The restrictions on publication of court proceedings exist to protect the identities of those involved, particularly children, in often acrimonious and deeply personal cases.
In 2019, there were only four reports of suspected breaches to the Australian federal police, the force confirmed. Last year, there were five – and none resulted in a prosecution, though some of those alleged breaches remain under investigation, the AFP said.
The actual number of breaches is likely to be in the hundreds, if not thousands, experts say. And while some can be relatively innocent posts made by people used to sharing everything about their lives online, others can be part of multi-pronged and long-running campaigns of harassment.
Regardless of the cause, the breaches often complicate and delay already complex and protracted family laws cases: injunctions may be sought preventing the posting of further information online, the posted material could create issues that have to be considered in the context of a custodial dispute, third parties may become involved because of information they have seen online.
Last November in the family court, Justice Colin Forrest described the treatment of three children by their father and his wife, their step-mother, as “horrendously inappropriate”.
The father, who once asked a barber to shave “Dad’s cool” into his son’s hair shortly before he returned the child to his mother, told Forrest he had not posted a video on social media seeking to raise funds for the case or sent emails to media outlets and other organisations criticising a court ruling.
His wife admitted to sending the email, but Forrest found it implausible that the father did not know about the posts or email.
Forrest then made one of five reports received by the AFP last year about section 121 breaches.
Forrest told the court his previous referrals included one that resulted in the prosecution of a media company, but another was not pursued because it was considered to not be in the public interest.

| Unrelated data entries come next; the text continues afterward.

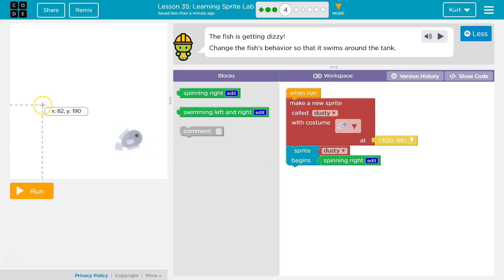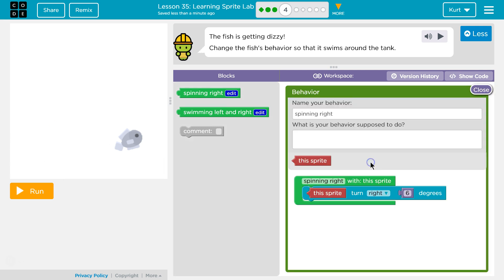Okay, I guess the tank is this box, so dusty sprite begins spinning edit.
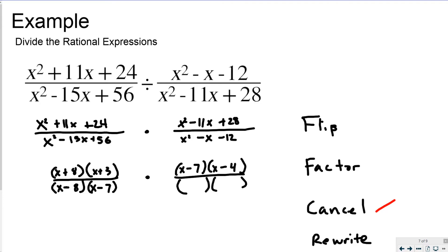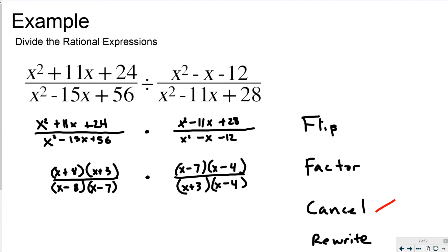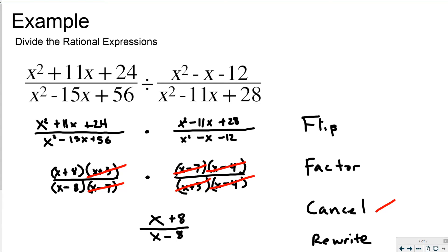For x squared minus x minus 12: negative end means one positive, one negative; the negative must be greater. Trying negative 4 and positive 3 gives negative 1 in the middle, so it's x minus 4 times x plus 3. Now cancel: x plus 3 cancels, x minus 7 cancels, and x minus 4 cancels. Rewriting, the only remaining parts give x plus 8 in the numerator over x minus 8 in the denominator.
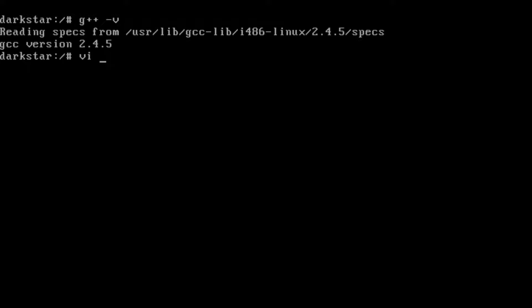So the first interesting thing to note is that G++ actually does not recognize the .cpp extension. So if I want G++ to recognize this file as a C++ file, I need to use .cxx or .cc, so I'm going to be going with .cc.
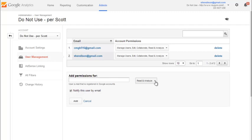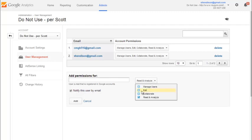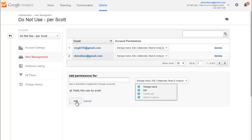Also make sure that you go over here and don't just let them read and analyze. Let them also collaborate, edit, and even manage users, because in some cases there may be services or product access that they want to add. It'll make their life and your lives easier. Then hit Add, and you're done.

“I see a clear and blatant contravention … and consider it to be entirely appropriate to refer the matter to the prosecutorial authorities for their consideration,” he said.

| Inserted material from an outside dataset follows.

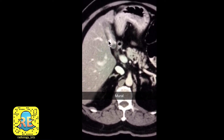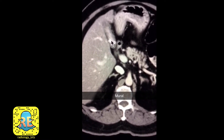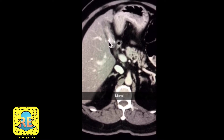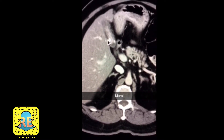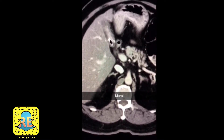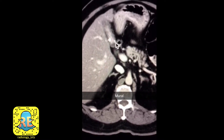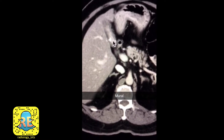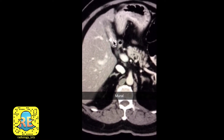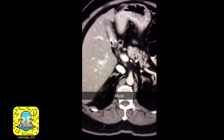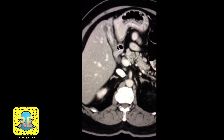The wall itself contains dense areas consistent with calcifications here and there. The calcifications are not within the lumen, so they are not gallstones. These are mural calcifications.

“How they decide to deal with it will be a matter for them.”
The AFP is understood to generally only prosecute the most egregious branches of section 121.
Every case prosecuted under the act has to get the approval of the commonwealth director of public prosecutions, meaning the public interest must be high. And given breaches are only punishable with up to a year imprisonment, it can be difficult to justify the resources required to, for example, pursue US-based technology companies for data on who has made a post online.

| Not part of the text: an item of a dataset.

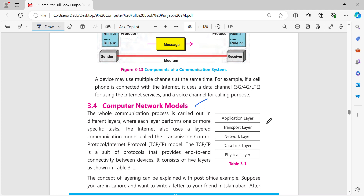Today we are in Chapter 3, Networks topic of Computer Network Model. The network model is the whole communication process carried out in different layers. The whole communication process is to send and receive a message. The whole process is divided into layers, and every layer performs one or more specific tasks.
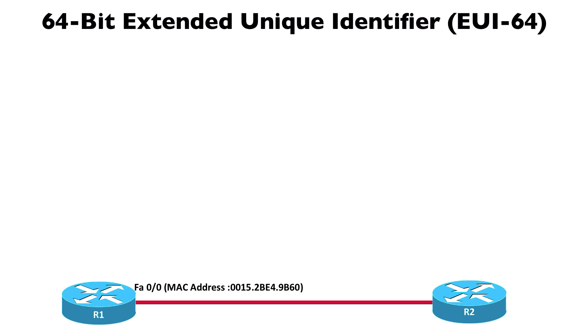To help ease the administrative burden of manually configuring an IPv6 address for the link-local address or the unicast address on a router interface, we could use the EUI-64 address, the Extended Unique Identifier.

One of the AFP’s most recent section 121 prosecutions related to a man who had been running a website known as WikiInvestigates when he was contacted by two others wanting him to start an online campaign.
The man pleaded guilty and was sentenced to the maximum penalty of 12 months’ imprisonment. His appeal against the severity of the sentence was dismissed by the NSW supreme court in February.
The man was told the target of the campaign would be a father who they claimed had been sexually abusing his twin girls, the court heard.
He got to work, starting a website and Facebook, YouTube, and Twitter accounts.
From March 2017 to February 2018, he published 64 items that included accounts of the court proceedings and was paid $28,500.
In his posts, he alleged corruption amongst politicians, police and the courts, naming individual police officers, child safety officers, psychologists, judges and lawyers, and said “paedophile enablers” had influenced the case.
The court found there was no truth to the abuse allegations made against the father, nor was there any evidence of corruption.
Dr Jacoba Brasch QC, the president of the Australian Law Council and an experienced family lawyer, said breaches of section 121 routinely occurred in family law cases and led to delays and complications.
“The big problem is social media, people posting on social media and then once it’s on Facebook, it’s on Facebook, even if it’s deleted.
“There’s a range of cases that have been reported where, say, a party has brought an injunction to restrain the other party from posting stuff on social media.
“Crowd-funding is another problem as well; parties who crowdfund their litigation and show pictures of the children and say the other side is a monster and I need money to get away from them.”
In some cases, she said, the person had been motivated to find money for a lawyer after being knocked back from receiving legal aid. The problem was two-fold: needing money to fund a case, and not having the guidance of a lawyer who would warn them that such posts were a breach of section 121.
“I understand where they’re coming from, because they can’t get legal aid, [and] equally, they don’t know that they’ve contravened section 121 of the family law act … primarily because most of them act for themselves and aren’t aware.”